Une autre étudiante raconte qu’elle a été au courant de l’histoire en décembre dernier, par l’intermédiaire d’autres étudiants de Tours.

« Depuis l’affaire s’était un peu calmée, la personne avait été blacklistée des associations étudiantes, parce que les présidents d’associations avaient été mis au courant. Le communiqué de l’Association nationale des étudiants en médecine de France qui dénonce une omerta dans les universités qui cherchent à étouffer cette affaire ne me surprend pas, même si je suis choquée. On n’a pas très bien compris. On n’était pas nombreux à être au courant, au tout début, c’était un peu compliqué de gérer parce qu’on ne sait pas comment réagir. On ne connaissait pas forcément les étudiants qui ont contacté la personne. Il semble que la personne en cause aurait avouée lui-même les agressions sexuelles mais pas les viols. Le fait que cet homme puisse continuer sa scolarité ici, le fait qu’il côtoie d’autres étudiantes je trouve cela inacceptable. On ne comprend pas trop ce qu’il fait là. Qu’il y ait eu un transfert de faculté alors qu’il n’a pas été jugé, on ne comprend vraiment pas ce qu’il fait là »  témoigne sous anonymat une autre étudiante.

Complaisance de l’Université de Limoges ?

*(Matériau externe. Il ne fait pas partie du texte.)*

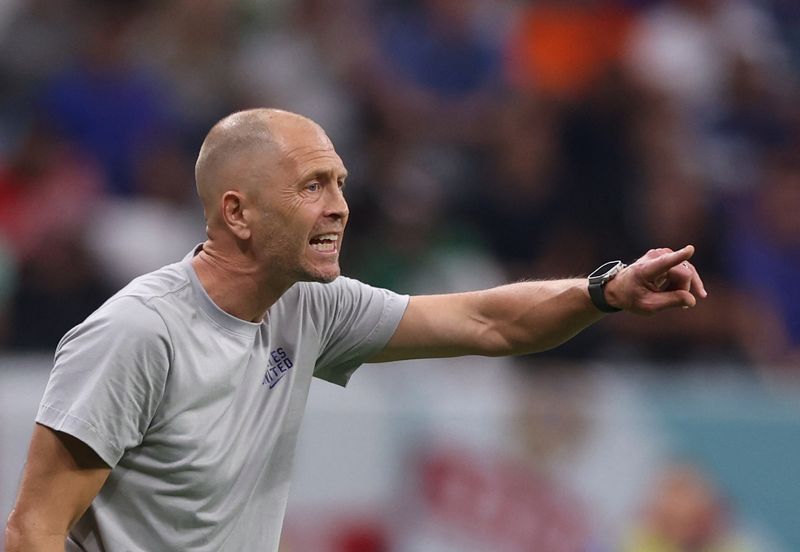 &copy; Reuters. Técnico da seleção dos EUA, Gregg Berhalter, durante partida contra a Inglaterra pela Copa do Mundo do Catar
25/11/2022 REUTERS/Matthew Childs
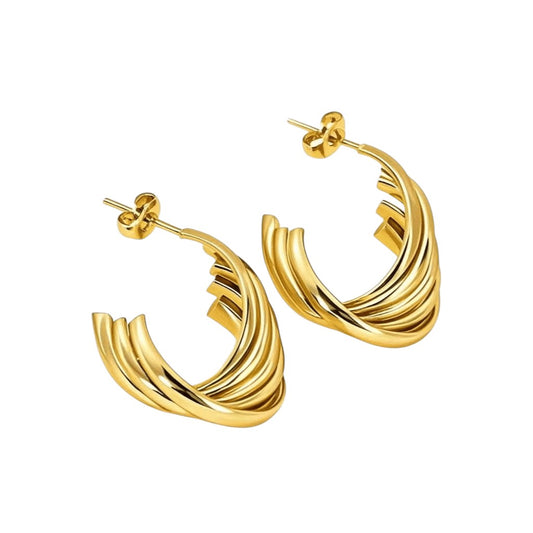 RVS Goudkleurige Halve Oorringen 22x15mm - 5 Lijnen Twist - Aramat Jewels - RVS Sieraden - Oorbellen - cadeautip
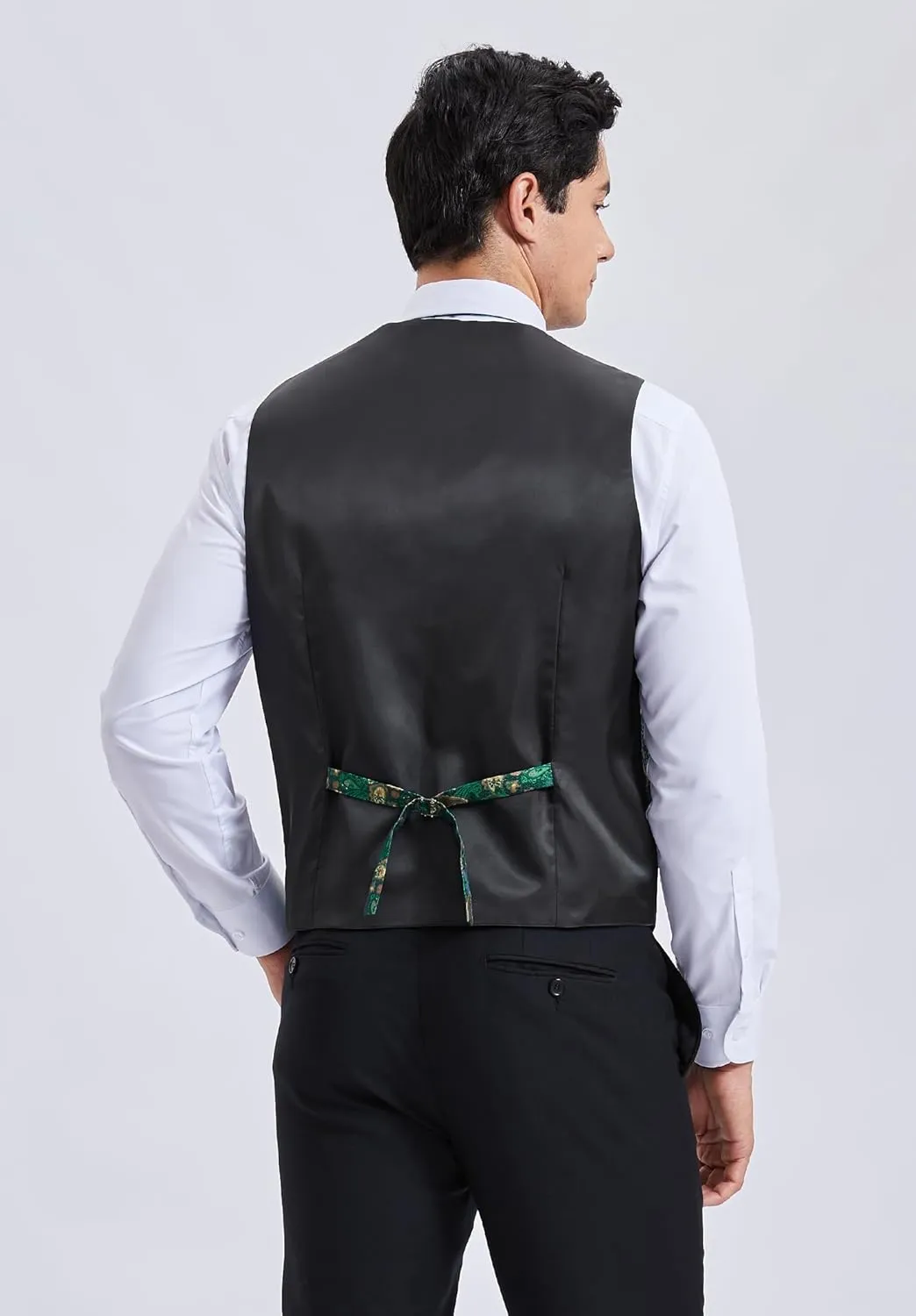 Enlision Mens Vest Tie Set Paisley Vest and Necktie Pocket Square 3pc Formal Dress Waistcoat for Suit or Tuxedo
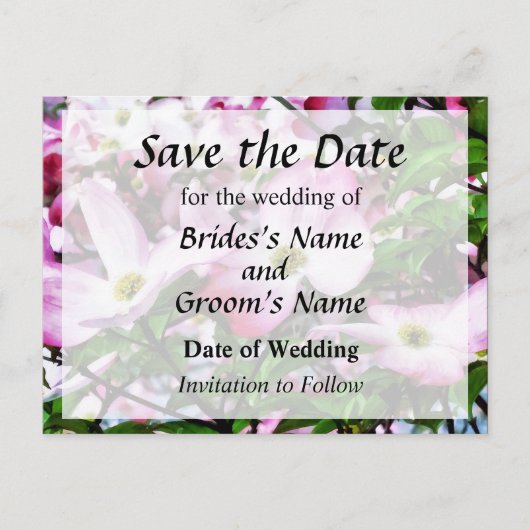 Roze Bloesem Save the Date Aankondigingskaart (Voorkant)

« Il n’y a pas eu de complaisance, à l’égard de cet étudiant, rectifie la présidente de l’Université de Limoges, Isabelle Klocke Fontanille. Il y a une instruction qui est en cours, et dans le cadre de cette instruction, le procureur de la République (de Tours, ndlr) n’a pas suspendu la scolarisation de cet étudiant. Il y a eu des échanges entre le procureur de la république de Tours et le doyen de la faculté de médecine de Tours, pour autoriser l’étudiant à chercher une faculté qui l’accepterait. Le doyen de la faculté de Tours a contacté ses homologues, dans d’autres universités. Certaines ont refusées, le doyen de la faculté de médecine de Limoges lui, a prêté une oreille bienveillante. A la suite de cela, l’étudiant a pris contact avec lui au mois de mai 2021. Le doyen de la faculté de médecine de Limoges l’a reçu, d’abord seul, avec ses parents. Suite à quoi, il a estimé que, connaissant le dossier, et se fondant sur la présomption d’innocence, il a estimé qu’il n’était pas en capacité de rejeter la demande d’inscription. Et moi, le 24 août 2021, j’ai reçu une lettre du tribunal judiciaire de Tours notifiant le transfert du dossier de cet étudiant vers l’université de Limoges. »

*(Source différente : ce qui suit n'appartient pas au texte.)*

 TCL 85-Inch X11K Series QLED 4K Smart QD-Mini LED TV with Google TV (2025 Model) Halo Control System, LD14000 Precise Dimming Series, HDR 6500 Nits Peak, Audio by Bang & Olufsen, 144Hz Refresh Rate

Est-ce que d’un point de vue éthique, le doyen de la faculté de médecine de Limoges aurait-il dû en conscience, accepter l’inscription de cet étudiant ? A cela la présidente de l’Université de Limoges semble défendre le doyen de la faculté de médecine de Limoges. « Je ne veux pas répondre à sa place, mais il y a une instruction en cours, il y a la présomption d’innocence, il y a le fait qu’il n’y a pas eu de sanctions disciplinaires à Tours. Il y a le fait que le procureur de la république n’a pas suspendu la scolarisation, le doyen de la faculté de médecine a estimé que tant que l’instruction était en cours, cet étudiant pouvait continuer sa scolarité ».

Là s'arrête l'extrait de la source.